RFR: JDK-8157141 & JDK-8166454: Solaris getisax(2) and meminfo(2) cleanup
Kim Barrett
kim.barrett at oracle.com
Fri Sep 30 00:03:54 UTC 2016
> On Sep 29, 2016, at 1:42 PM, Alan Burlison <Alan.Burlison at oracle.com> wrote:
>
> On 29/09/2016 00:15, Kim Barrett wrote:
>
>> ------------------------------------------------------------------------------
>> src/os_cpu/solaris_sparc/vm/vm_version_solaris_sparc.cpp
>> 377 uint_t av1 = avs[AV_HW1_IDX];
>> 378 if (av1 & AV_SPARC_MUL32) features |= hardware_mul32_m;
>> ...
>>
>> Good to use the symbolic index AV_HW1_IDX. Bad form to assume we have
>> that many entries. That should be
>>
>> if (avn > AV_HW1_IDX) {
>> uint_t av1 = avs[AV_HW1_IDX];
>> if (av1 & AV_SPARC_MUL32) features |= hardware_mul32_m;
>> ...
>> }
>
> There is always at least one entry returned so the condition above will always be true - we will never reduce the number of HW capabilities bits so I believe the test is unnecessary. It's not there in the existing version of the code either. However if you want me to add it I'll do so.
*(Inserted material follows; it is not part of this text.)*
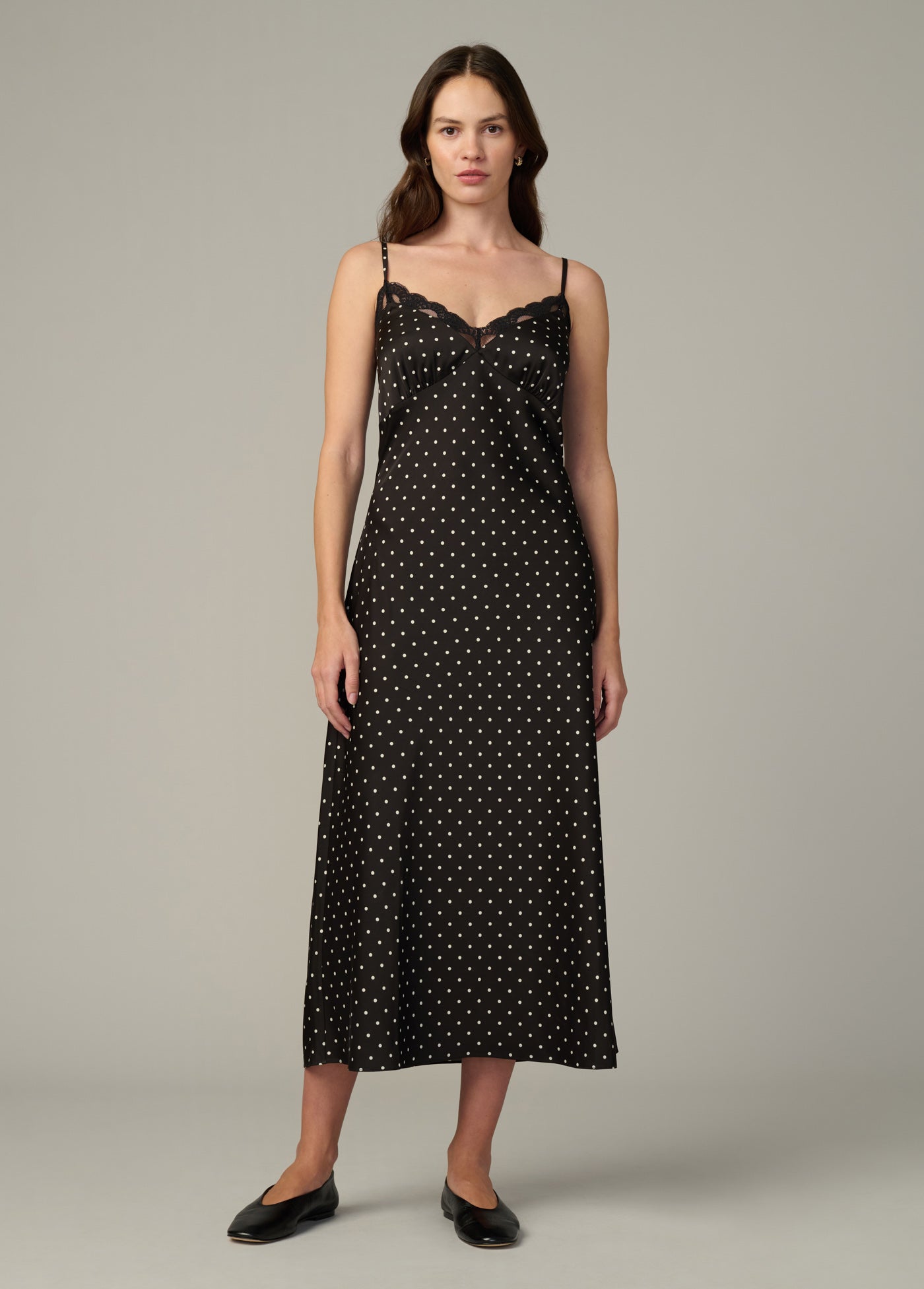 Joe's Jeans The Ines Slip Dress Women's Dress Black Polka Dot : LG Joe's Jeans The Ines Slip Dress Women's Dress Black Polka Dot : LG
The old code used literal integer sizes and indices. The new code assumes avn > AV_HW1_IDX. I don’t see anything that guarantees that to be true (other than, perhaps, the source code for getisax). If the array was allocated with a size of the larger of AV_HW1_IDX+1 and AV_HW2_IDX+1 then we’d be guaranteed safe to access av[AV_HW{1,2}_IDX].
>
>>> A JPRT hotspot testset run is clean.
>>
>> Have you used logging to hand-verify the expected features are being set?
>
> I've run it under the debugger and single stepped through the code on a T5 and T7. The features are set as expected.
That works too.
Just that JPRT by itself isn’t a sufficient test here.